"Thrilla in Manila" bout "brutal," sportscaster Ronnie Nathanielsz remembers
1975 fight pitted Muhammad Ali against friend-turned-rival Joe Frazier
The Ali Mall still stands on a corner in Quezon City, Metro Manila, 40 years after it opened next door to the Araneta Coliseum.
It’s a monument to one of sport’s greatest athletes, and the two weeks in 1975 when “The Greatest” won over an entire country with victory over his long-time foe Joe Frazier in what is regarded by many as the best fight of all time – the so-called “Thrilla in Manila.”
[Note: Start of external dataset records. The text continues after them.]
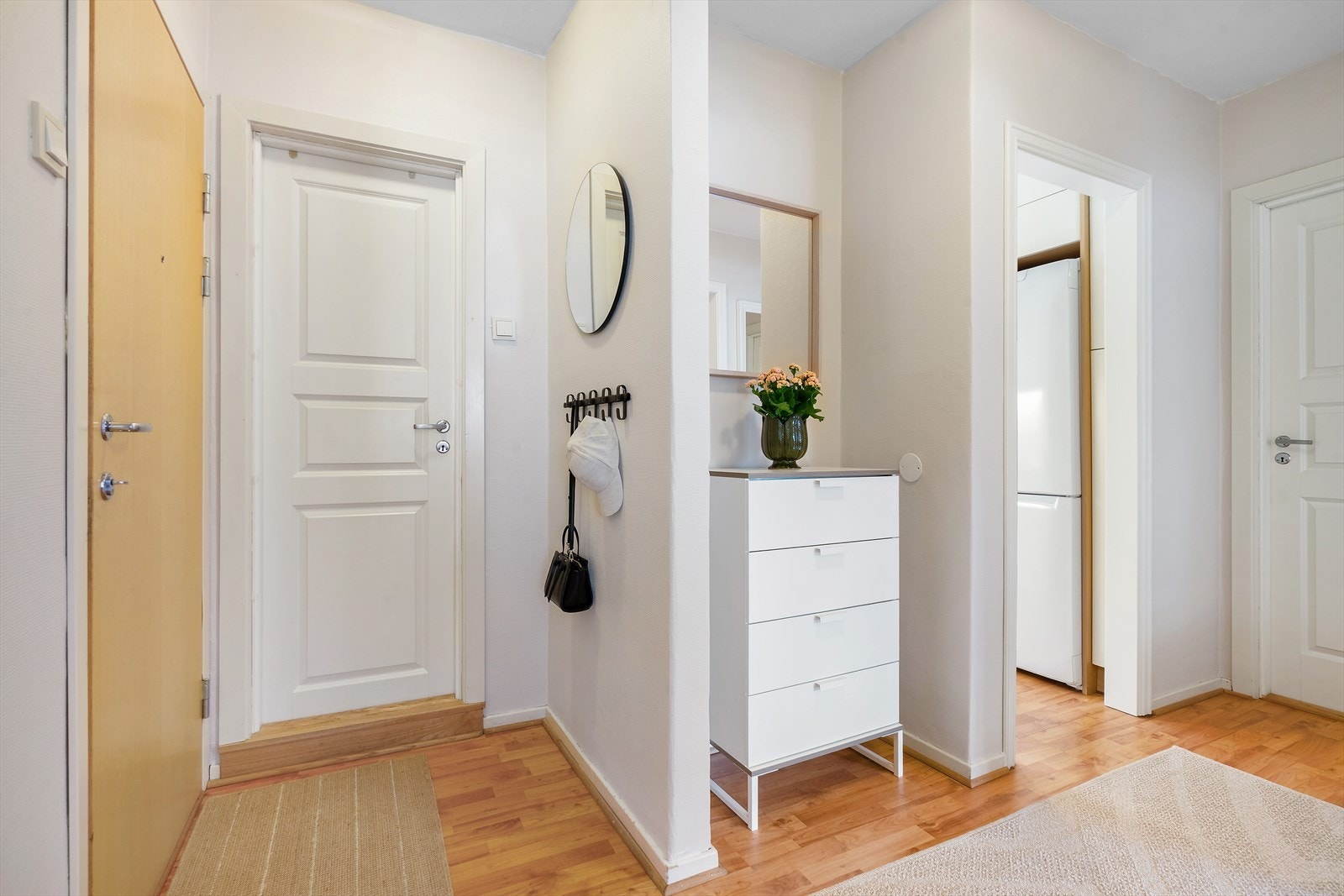 Fra entrè/ gang har man dør til både bad/ vaskerom, kjøkken og soverom. Galleribilde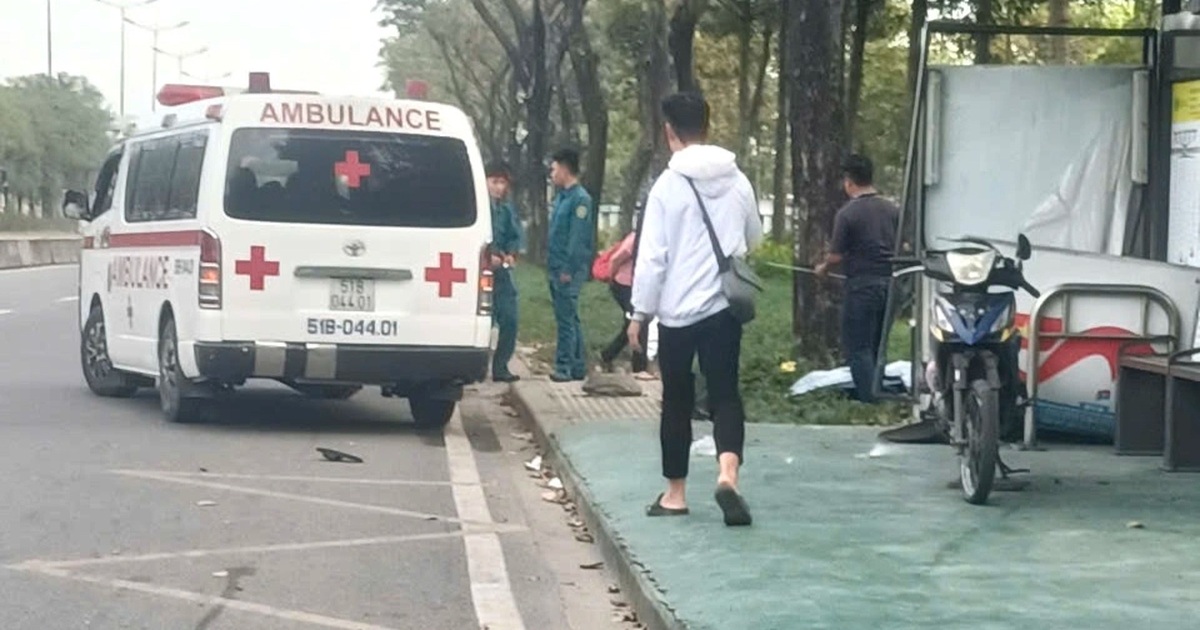 Nam thanh niên tử vong tại trạm xe buýt ở TPHCM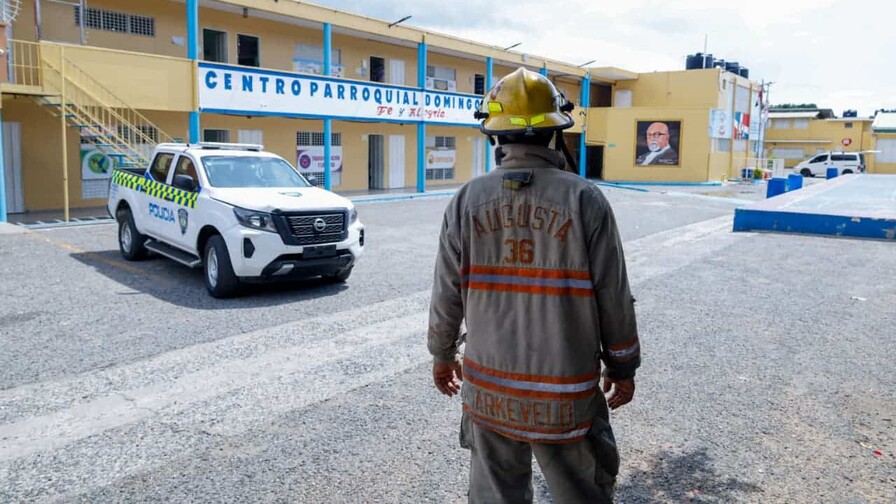 Más de 15 estudiantes resultan intoxicados tras quema de medicamentos vencidos en escuela Domingo Savio Más de 15 estudiantes resultan intoxicados tras quema de medicamentos vencidos en escuela Domingo Savio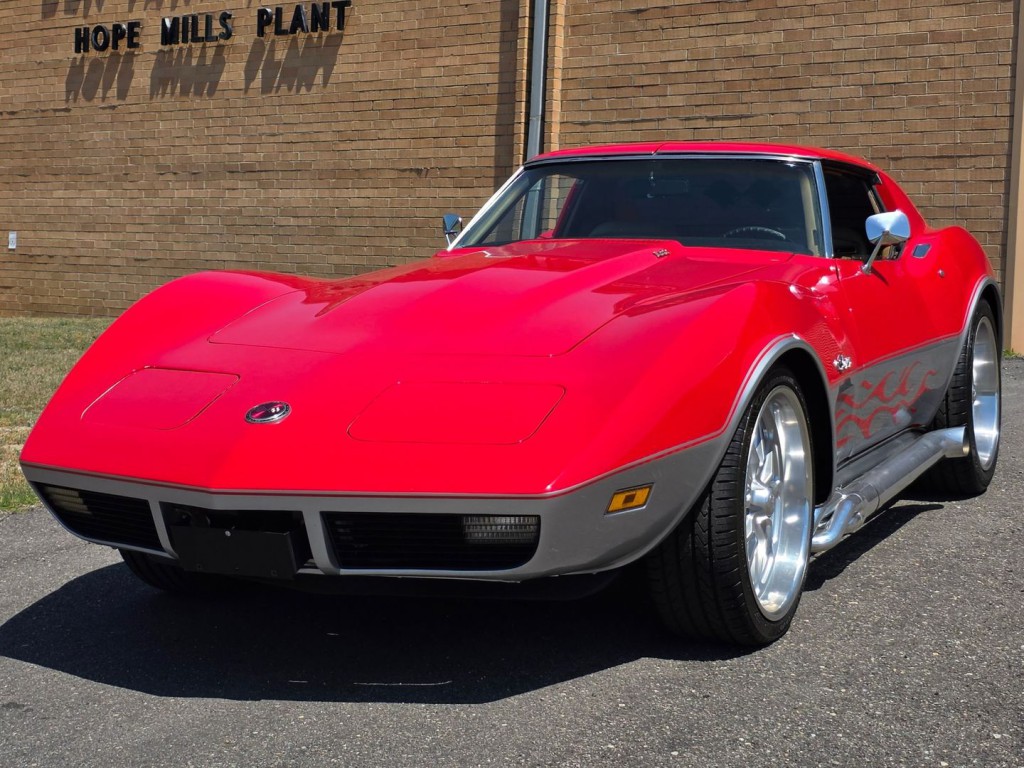 1974 Chevrolet Corvette Image 2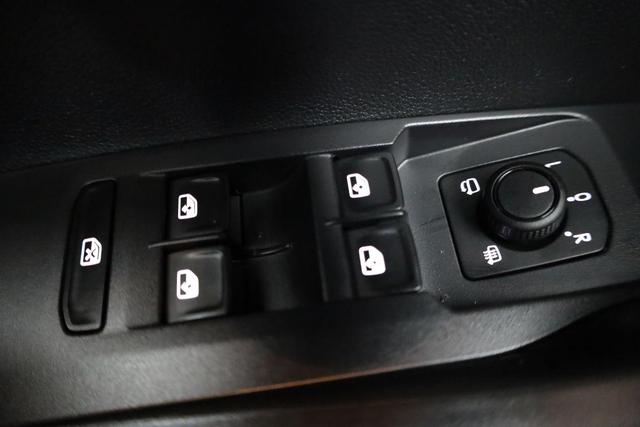 Volkswagen T-Cross 1.0 TSI 85 kW Life DSG Life, AHK, IQ.Light, Kamera, ACC, Side, Winter, 17-Zoll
The fight was a seminal moment for the Philippines, a moment of true international attention and recognition for a country which was convulsing under three years of martial law and a crackdown by dictator Ferdinand Marcos.
By capitalizing on the great Ali-Frazier rivalry, Marcos managed in one swoop to both unite the country and – at least for the duration of the fight – rehabilitate his image on the world stage.
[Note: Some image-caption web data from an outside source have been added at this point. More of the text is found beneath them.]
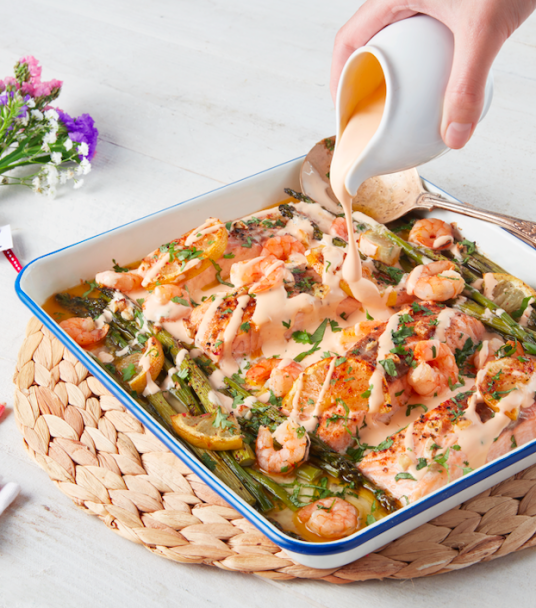 Imagem receita Assado de Salmão e Camarão com Molho de Tomate Seco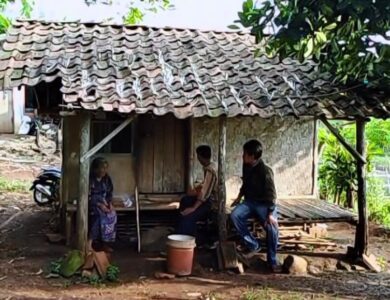Cerita Nenek 90 Tahun Asal Ciranjang, Hidup Sebatang Kara Tinggal di Rumah Reyot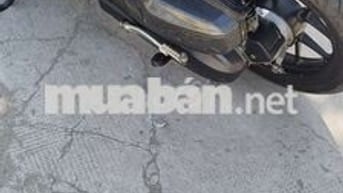 Click 125i_ Thái_2019 Sơn đen. Máy nguyên zin.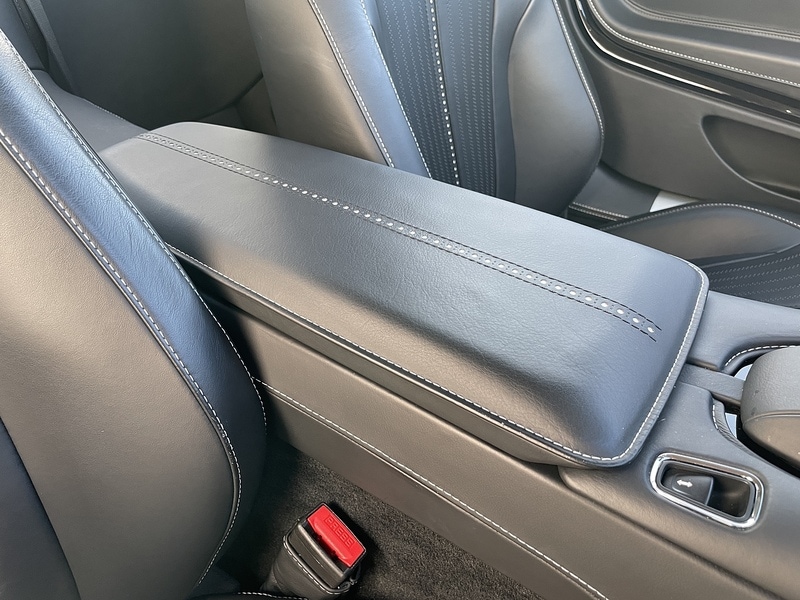 Used Aston Martin DB11 for sale - 77023988: Photo 31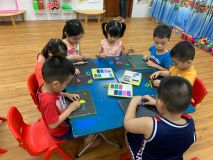 Bé với đất nặn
Veteran sportscaster and boxing commentator Ronnie Nathanielsz was Ali’s liaison officer during his time in the Philippines and was at the fight, a steamy October morning bout at the Araneta Coliseum that ended with Frazier’s trainer Eddie Futch throwing in the towel just before the 15th round.
“It was a big deal for the Philippines, especially for Marcos, who had said ‘we’re doing this fight because we want to show the whole world there is law and order, the people are happy,’” Nathanielsz told CNN.